* _YOUR OBJECTIVE_: Reproduce exactly the lines from the one containing "Chuột máy tính - Mouse Corsair Glaive RGB" through the last line of the data, both ends included.

______

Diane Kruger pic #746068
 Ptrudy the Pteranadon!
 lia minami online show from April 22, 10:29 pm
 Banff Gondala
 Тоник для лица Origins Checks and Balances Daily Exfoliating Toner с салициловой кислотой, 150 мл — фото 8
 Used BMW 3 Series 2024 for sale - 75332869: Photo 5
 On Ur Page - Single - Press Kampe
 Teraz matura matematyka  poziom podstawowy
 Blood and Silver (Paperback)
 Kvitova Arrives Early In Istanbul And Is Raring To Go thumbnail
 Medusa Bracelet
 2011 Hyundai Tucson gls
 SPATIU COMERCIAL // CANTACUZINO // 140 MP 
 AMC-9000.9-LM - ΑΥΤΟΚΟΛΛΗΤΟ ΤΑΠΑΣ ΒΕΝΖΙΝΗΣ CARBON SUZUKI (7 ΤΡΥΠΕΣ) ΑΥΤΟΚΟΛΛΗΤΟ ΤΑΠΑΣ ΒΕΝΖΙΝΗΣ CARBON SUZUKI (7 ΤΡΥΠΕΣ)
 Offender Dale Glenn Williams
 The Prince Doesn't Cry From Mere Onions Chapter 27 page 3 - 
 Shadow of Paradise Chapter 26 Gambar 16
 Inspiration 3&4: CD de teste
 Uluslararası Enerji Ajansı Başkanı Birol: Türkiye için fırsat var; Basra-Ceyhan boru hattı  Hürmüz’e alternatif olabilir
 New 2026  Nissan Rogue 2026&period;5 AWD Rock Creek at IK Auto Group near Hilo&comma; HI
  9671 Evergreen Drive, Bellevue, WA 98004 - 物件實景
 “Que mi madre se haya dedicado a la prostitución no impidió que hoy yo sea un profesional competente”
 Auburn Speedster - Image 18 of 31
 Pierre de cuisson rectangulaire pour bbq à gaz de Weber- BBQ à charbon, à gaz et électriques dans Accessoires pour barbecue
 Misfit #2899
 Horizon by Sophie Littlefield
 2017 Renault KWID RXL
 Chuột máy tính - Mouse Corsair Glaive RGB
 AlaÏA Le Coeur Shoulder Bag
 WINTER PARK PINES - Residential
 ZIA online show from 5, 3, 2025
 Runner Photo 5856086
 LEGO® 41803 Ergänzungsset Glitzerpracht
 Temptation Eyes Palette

______

* _TASK OUTPUT_:
 Chuột máy tính - Mouse Corsair Glaive RGB
 AlaÏA Le Coeur Shoulder Bag
 WINTER PARK PINES - Residential
 ZIA online show from 5, 3, 2025
 Runner Photo 5856086
 LEGO® 41803 Ergänzungsset Glitzerpracht
 Temptation Eyes Palette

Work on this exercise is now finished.